UNITED STATES of America, Appellee, v. Joseph Paul MARSHALL, Appellant.
    No. 05-4007.
    United States Court of Appeals, Eighth Circuit.
    Submitted: Aug. 22, 2006.
    Filed: Aug. 25, 2006.
    Mikal G. Hanson, U.S. Attorney’s Office, Pierre, SD, Michael E. Ridgway, U.S. Attorney’s Office, Sioux Falls, SD, for Plaintiff-Appellee.
    Joseph Paul Marshall, Littleton, CO, pro se.
    Jana M. Miner, Federal Public Defender’s Office, Pierre, SD, Defendant-Appellant.
    Before SMITH, MAGILL, and BENTON, Circuit Judges.
   [UNPUBLISHED]

PER CURIAM.

After Joseph Paul Marshall admitted violating the conditions of his supervised release, the district court revoked it and sentenced him to 15 months in prison and 2 years of supervised release.
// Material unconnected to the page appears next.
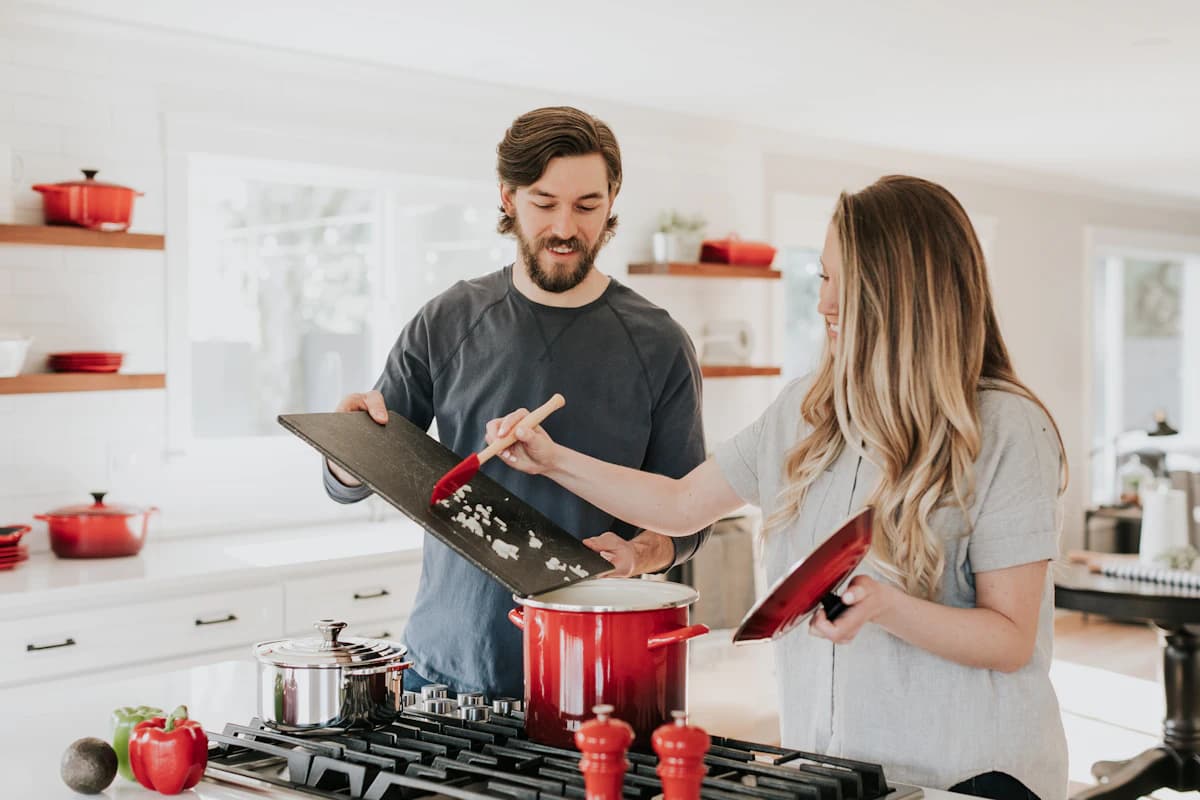 Vrouw in de overgang in gesprek met een lifestyle coach over slaap, energie en beweging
On appeal, he argues that this sentence exceeds the legal maximum because he received a 3-year term of supervised release when he was originally sentenced in 1998. We disagree. “For those defendants whose offense of conviction occurred after the 1994 changes [to the supervised release statute], the available supervised release term is not measured by the term initially imposed by the district court, ... but by the term authorized in 18 U.S.C. § 3583(b) for the offense of conviction, minus the aggregate amount of any revocation terms of imprisonment.” United States v. Palmer, 380 F.3d 395, 398-99 (8th Cir.2004) (en banc). Marshall’s instant revocation sentence, added to his earlier revocation prison term of 12 months, does not exceed the 60-month lawful maximum. See 18 U.S.C. § 3583(b)(1) and (h).

Accordingly, we affirm the judgment of the district court, and we grant counsel’s motion to withdraw. 
      
      . The Honorable Charles B. Kommann, United States District Judge for the District of South Dakota.